Ranked among all films, this third weekend total for “Super Mario Bros.” stands seventh highest in box office history and the highest for any animated film, topping the $46.2 million third weekend of “Frozen II.”

That Disney sequel had the advantage of being extremely popular with families starting from its Thanksgiving release in 2019 and continuing well into the Christmas season, grossing $1.45 billion worldwide. Whether “Mario” can match it will depend on whether it can keep up its incredible legs against May blockbusters like Marvel’s “Guardians of the Galaxy Vol. 3,” Universal’s “Fast X” and Disney’s remake of “The Little Mermaid.”
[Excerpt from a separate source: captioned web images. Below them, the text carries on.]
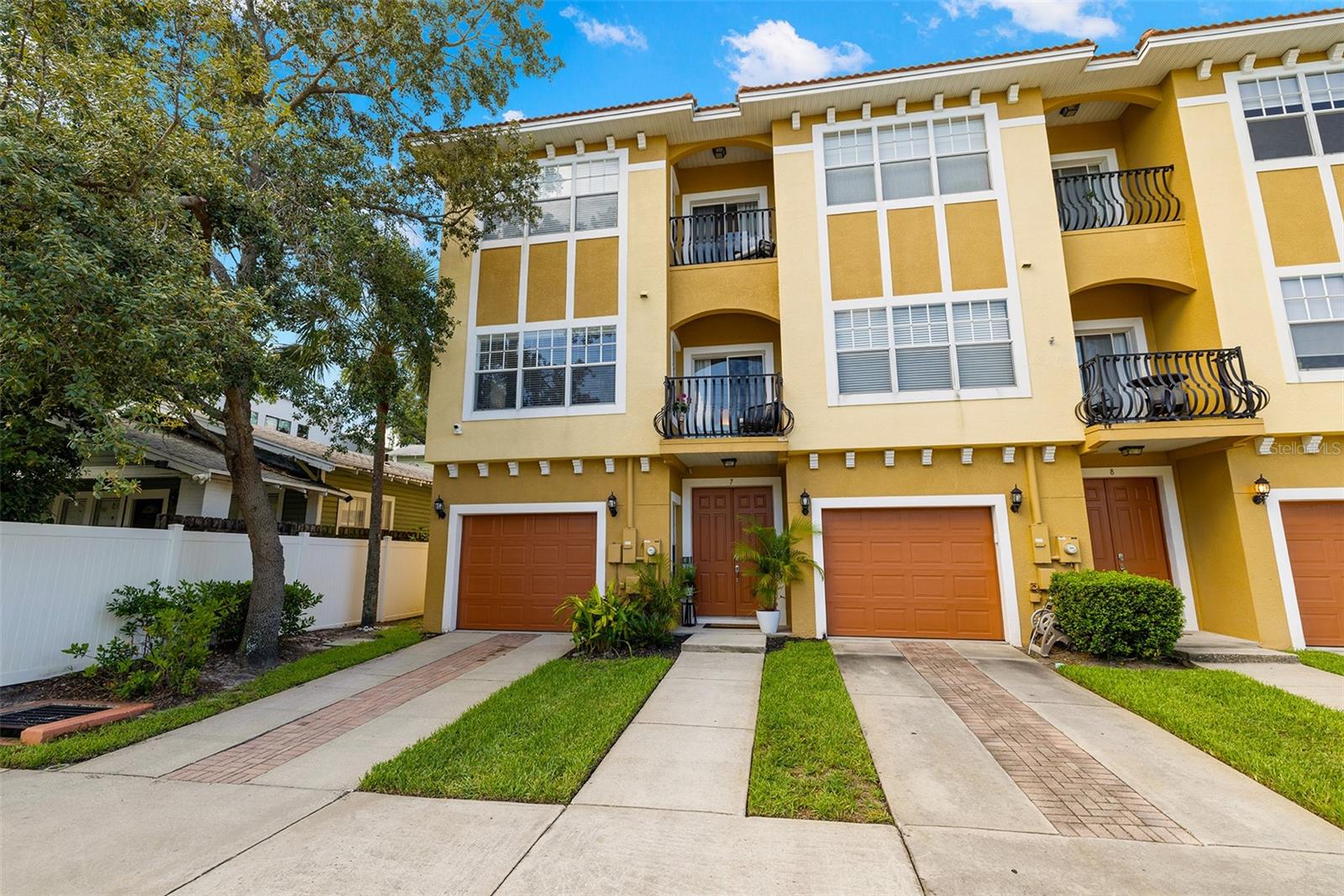 LOCATION!!! UPDATED CORNER UNIT NORTH HYDE PARK TOWNHOME near downtown Tampa and convenient to Tampa
International Airport, Riverwalk and Armature Works. Enjoy close proximity to dazzling, trendy downtown Tampa while enjoying home life in a residential neighborhood close by. This 3-bedroom, 3.5-bath home features a modern interior with gorgeous luxury vinyl flooring and stainless
steel appliances. The ground floor consists of a 2-car tandem garage and a guest bedroom that would also make an ideal office
space, with its own bath nearby. The second floor offers an open-concept layout, combining the kitchen, dining, and living areas
with a balcony for quiet time with a morning cup of coffee or an adult beverage at the end of a busy day. This large open space with high ceilings makes a very attractive area for relaxing or entertaining. A half bath is available on this floor as well as a laundry room just off the kitchen. The third floor features a spacious primary suite with a walk-in closet, dual-sink bath, tub, and private balcony. The other bedroom
on this floor also has a walk-in closet and its own bathroom. The sale includes a Vivint security system with 4 cameras, providing
added value. The location in Flood Zone X adds to the affordability of this well-priced property. Schedule your private showing today!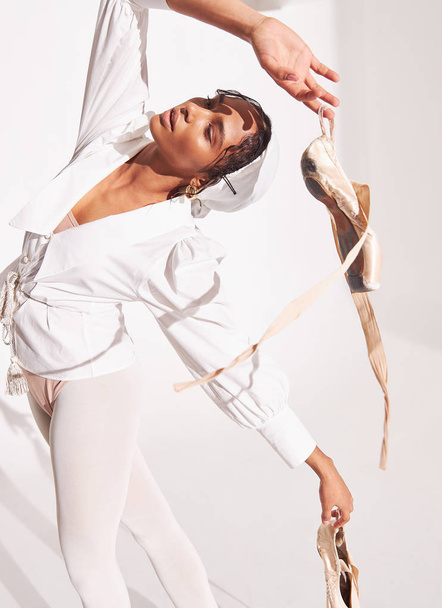 portrait photo of dark-skinned ballerina on white background, she wearing white shirt, beige bodysuit, white tights and holding beige pointes in her arms she leaned back and raised one hand over herself - Fotó, kép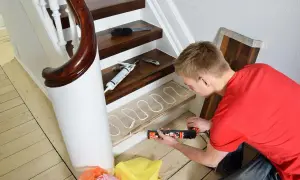 Man renoverar trappa med fogpistol och lim på en trappsteg.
In second this weekend is Warner Bros./New Line’s “Evil Dead Rise,” which is earning a solid $23.5 million opening from 3,402 theaters. That meets pre-weekend independent projections of an opening at or just above $20 million and is a notch below the $25.7 million unadjusted opening of TriStar’s revival of “Evil Dead” released in 2013.

Originally produced for a release on HBO Max, “Evil Dead Rise” was shifted to a theatrical release following the Warner Bros. Discovery merger last year. It has been well received by horror fans with a B on CinemaScore and Rotten Tomatoes scores of 84% critics and 81% audience.
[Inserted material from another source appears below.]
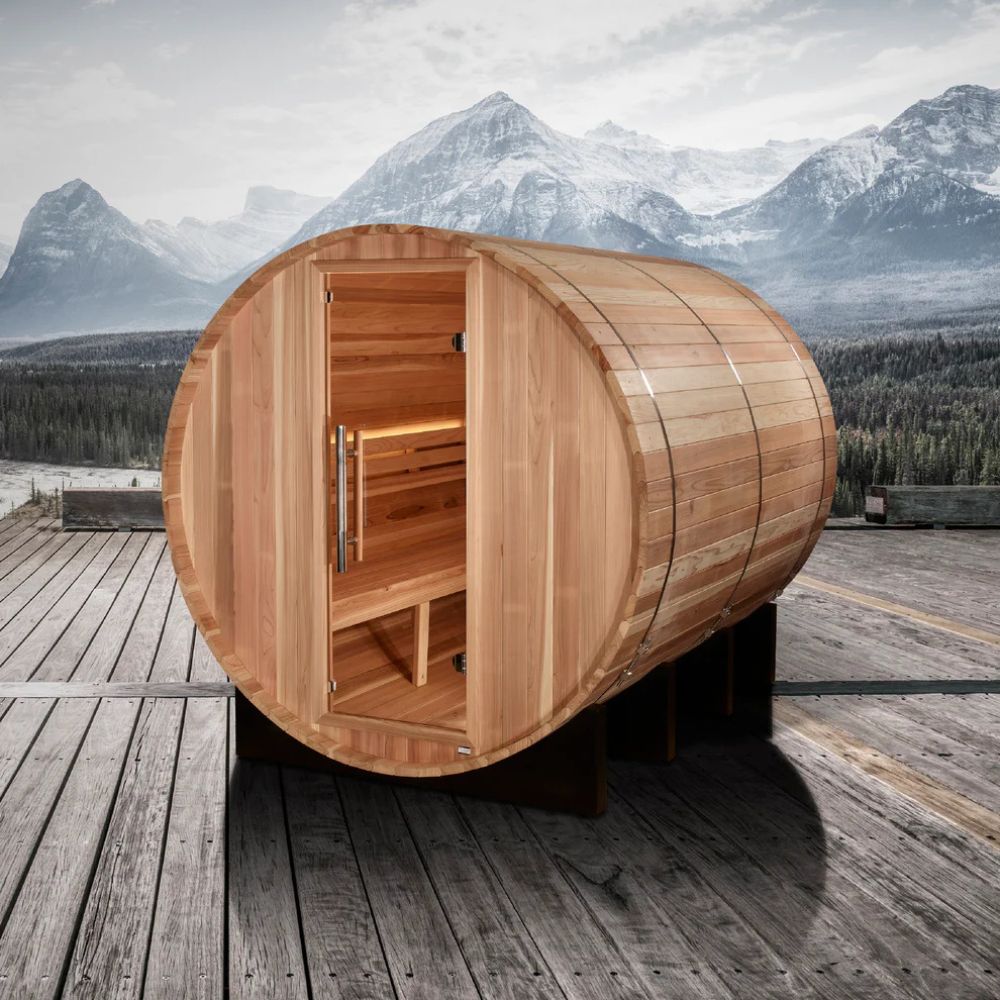 Wooden barrel-shaped sauna on a wooden deck with mountains in the background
In third is MGM’s “The Covenant,” a new war thriller from Guy Ritchie that like so many dramatic films aimed towards older audiences is struggling with just $6.2 million grossed from 2,611 theaters.

“The Covenant” has also received strong reviews with an 81% critics and 98% audience RT score to go with an A on CinemaScore, but audiences over the past two years have largely eschewed films based around real life issues and this film set during the U.S. War in Afghanistan is turning out to be not much different even with such positive word-of-mouth.

Much farther down on the charts, A24’s “Beau Is Afraid” and Searchlight’s “Chevalier” are seeing low returns this weekend. “Beau Is Afraid,” after scoring the second highest per theater average of the post-shutdown era in limited release last weekend, is earning just $2.7 million from 965 theaters.

This is not too surprising given that Ari Aster’s three-hour surreal horror film about a neurotic man and his abusive mother is polarizing critics and audiences with Rotten Tomatoes scores of 68% and 74%, with even reviews hailing it at Aster’s magnum opus acknowledging that it is a very challenging film.

“Chevalier” is doing worse, grossing a mere $1.5 million from 1,275 theaters and opening outside of the Top 10. The film stars Kelvin Harrison Jr. as Joseph Bologne, a virtuosic composer and violinist born in the Caribbean who struggled against racism as he gained the favor of Marie Antoinette.

Among holdovers, Lionsgate’s “John Wick: Chapter 4” is in fourth this weekend with $5.75 million grossed to bring its domestic total to $168 million. Amazon Studios’ “Air” completes the Top 5 with $5.5 million grossed and a total of $41 million after three weekends.